During an interview on the Jim Rome show last week, Woodyard recalled that memorable game, and how confident he and his teammates on the defensive side of the ball were.
“Defense, we used to always say, if they don’t score, they don’t win,” Woodyard said. “So let’s go score.”
As for the safety, Woodyard said “I remember that play. Me and my boy Braxton Kelley, who went on to play with me at the University of Kentucky and also in Denver as well, we were both on the left side. He got the double team, and the blockers ran right past me and I was able to cause a little havoc on the running back and pound him in the backfield for the (tackle for loss) and the safety. Those were the only points scored in that game, and it was very exciting to be the one to get those points on the board for my teammates, and of course that game helped us go on to win a state championship.”

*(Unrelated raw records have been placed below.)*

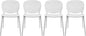 2xhome Set of 4 Patio Dining Chairs | Modern Stackable Outdoor Pool Side Chair | Weather Resistant Plastic for Yard, Porch, Balcony, Kitchen, White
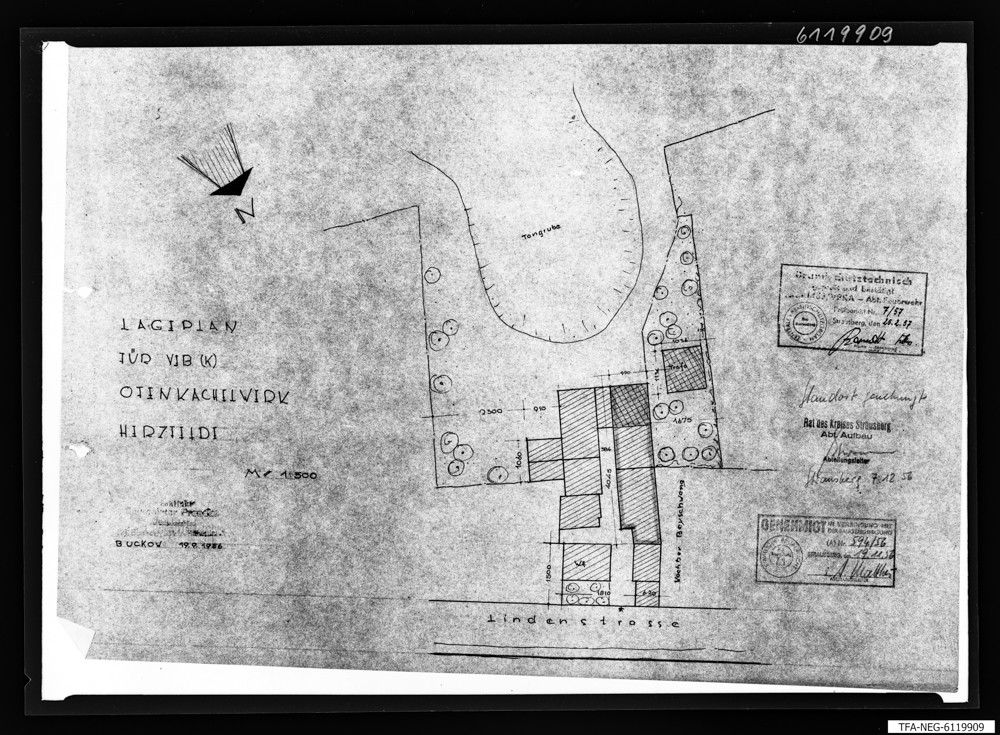 Findbucheintrag: Plan Ofenkachelwerk Herzfelde, Lageplan; Foto, 20. Februar 1961 (www.industriesalon.de CC BY-SA)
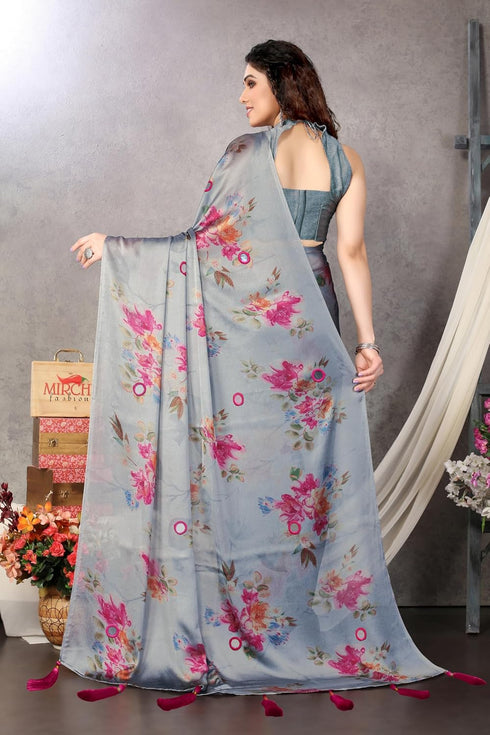 Vasthrlay Fashion Chiffon Geometric Printed Ethnic Wear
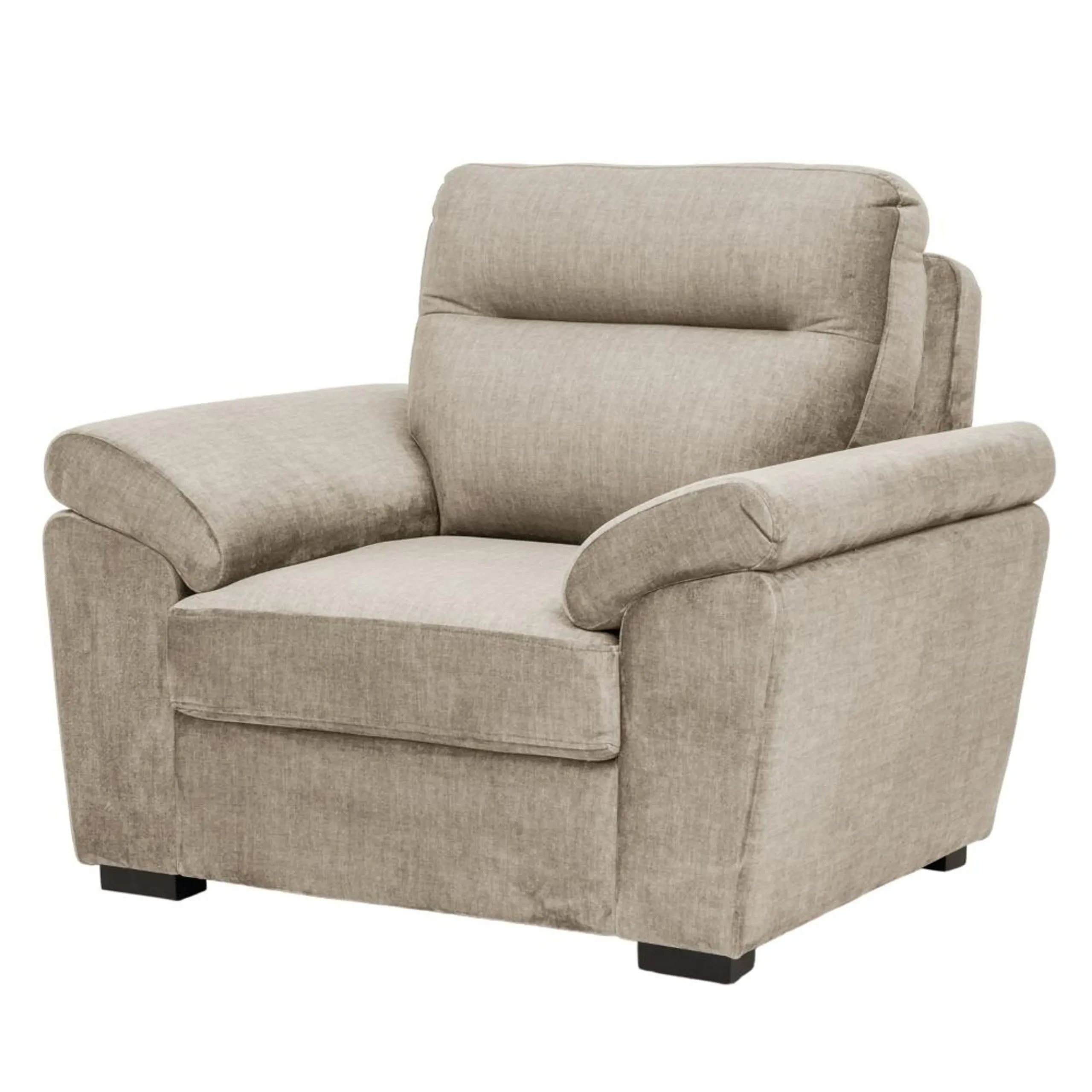 Ojas 1 Seater Sofa Beige premium fabric arm chair by Vassio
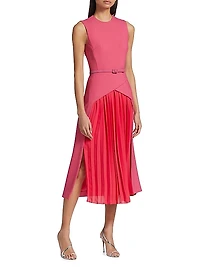 Belted Pleated-Insert Midi-Dress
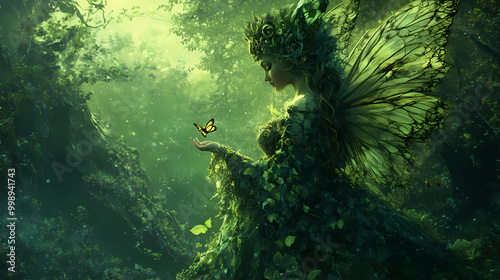 Digital painting of a beautiful victorian steam punk wood nymph or dryad in a magical green forest ,illustration . made with the help of ai. Nymph. Illustration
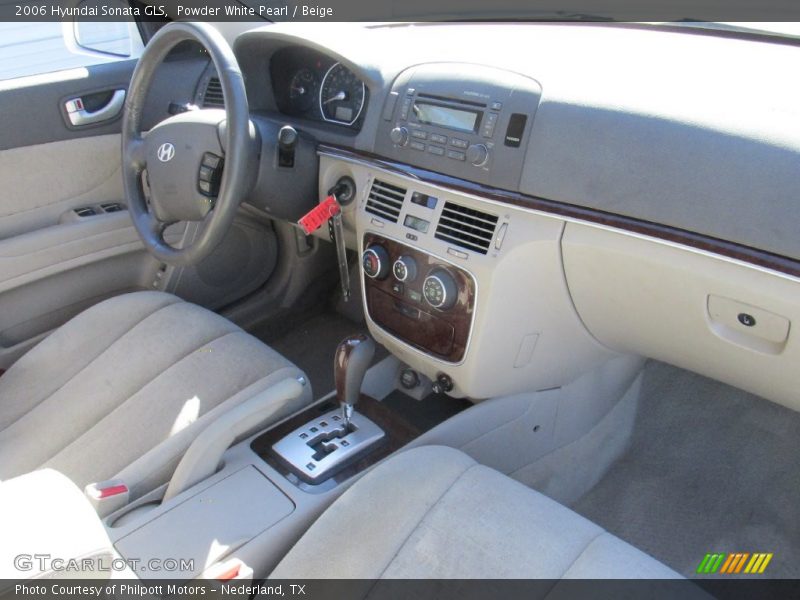 Powder White Pearl / Beige 2006 Hyundai Sonata GLS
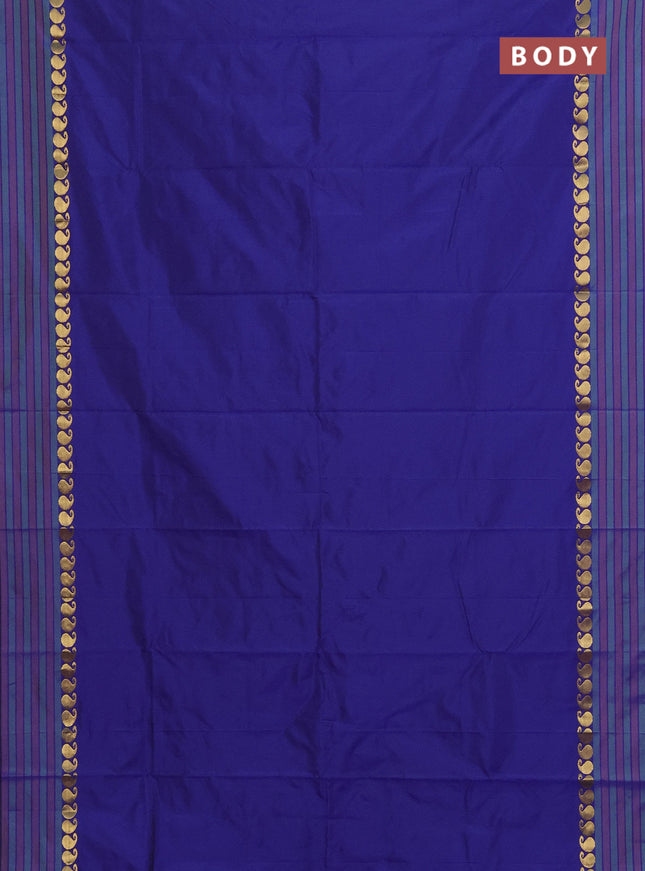 Arani semi silk saree blue and green shade with plain body and paisley zari woven simple border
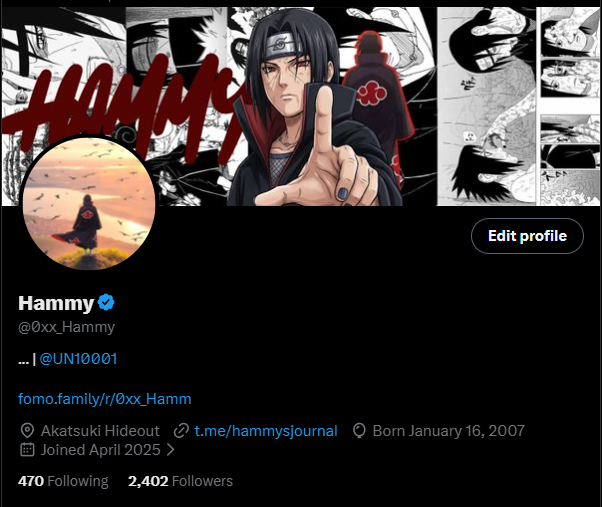 0xx_Hammy's tweet photo. 2.4k followers on X today, just wow man, what a journey it’s been.

Went from making 5 figs to literally zeroing my port, had moments where I genuinely questioned wtf I was doing, then spent weeks/months grinding my way back just to build a decent port again and slowly traded my way back to mid 5 figs

But ngl, the money isn’t even the craziest part looking back. It’s the people I met, the connections made, the lifelong friends, the lessons this space taught me (sometimes the hard way)

Been a crazy ride full of Ws, roundtrips, fumbles, lessons and moments where conviction paid off. Still learning every single day

Genuinely got love for every one of you who’s supported me, interacted, followed the journey, or even just lurked. Wouldn’t be here without y’all fr 🫶

Road to bigger things, we just getting started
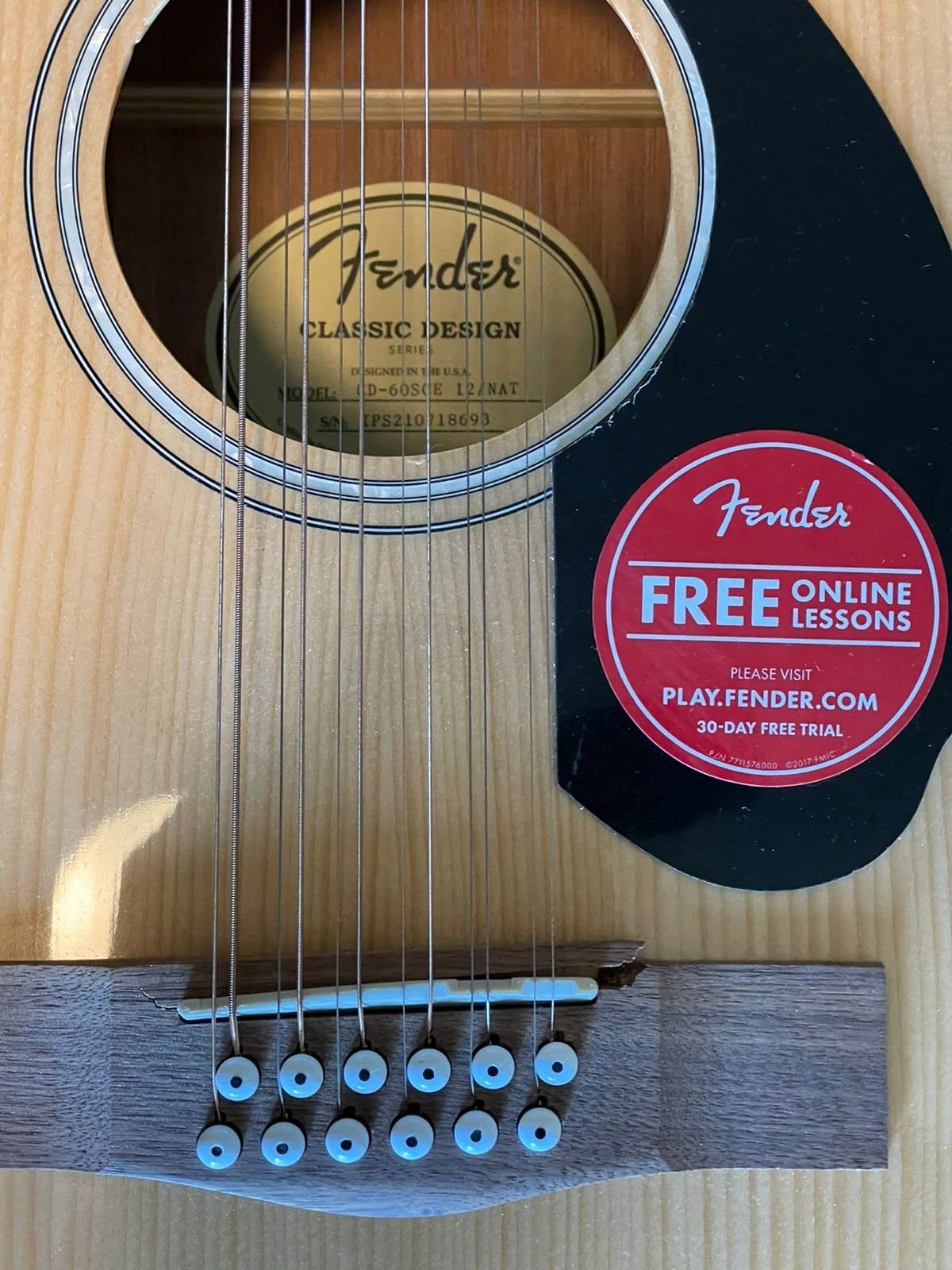 Fender CD-60SCE 12-string Dreadnought Acoustic Guitar, Natural customer photo 1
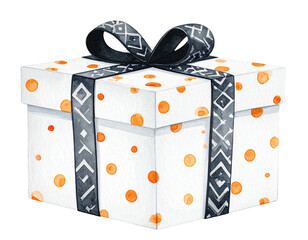 Watercolor illustration of a square gift box with orange dots and patterned black ribbon
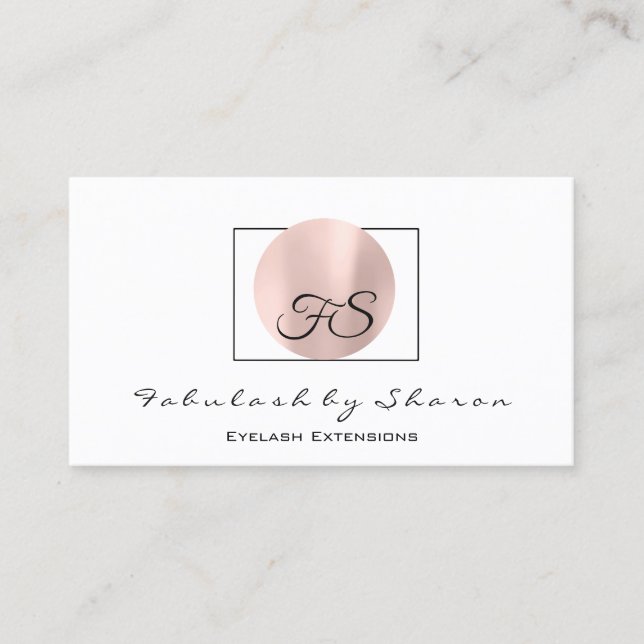 Makeup Artist SPA Lashes Rose Logo Monogram Business Card (Front)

Making plays was something Woodyard did throughout his senior season when he scored four defensive touchdowns and had that memorable safety.
“I’ve been telling people I’ve been making plays since I was 6-years-old, since I first picked up the rock,” Woodyard said. “I’ve been out there smashing people, laying the wood down, and living up to my last name. It felt great that my teammates always depended on me in that situation.”
Steve Pardue was Woodyard’s head coach during his time at LaGrange, and he recalls a player who was willing to do whatever was necessary to help the team.
“He played some special teams for us, he played some offense when we needed him,” Pardue said. “He just wore so many hats for us.”
Pardue also said Woodyard is player who took great joy when his teammates succeeded, and he remembers an example of that during a game against Cartersville in 2003.
“Tray (Blackmon) just crushed the guy,” Pardue said. “Wesley about had an out of body experience. He wouldn’t have been any more excited if he’d made the big play. He’s a team-first guy.”
Donnie Branch, LaGrange’s long-time defensive coordinator, put a lot of responsibility on the shoulders of Woodyard.
“You could be good on defense, but for us to be great, our outside linebacker had to be really, really good,” Branch said. “That ‘03 bunch, we had him at outside linebacker. We did things with him that we didn’t do before or after, because he could do ‘em. That ’03 bunch, they kind of over-achieved a little bit. He was the most important piece. He just always made plays.”
No player was more important than the one Woodyard made against Swainsboro.
“I was talking to (Pardue), and he used to always say whenever the game would get dry and stale, it was time for Wood to make a play, and in that moment I made a play for my teammates go to ahead and seal that victory,” Woodyard said.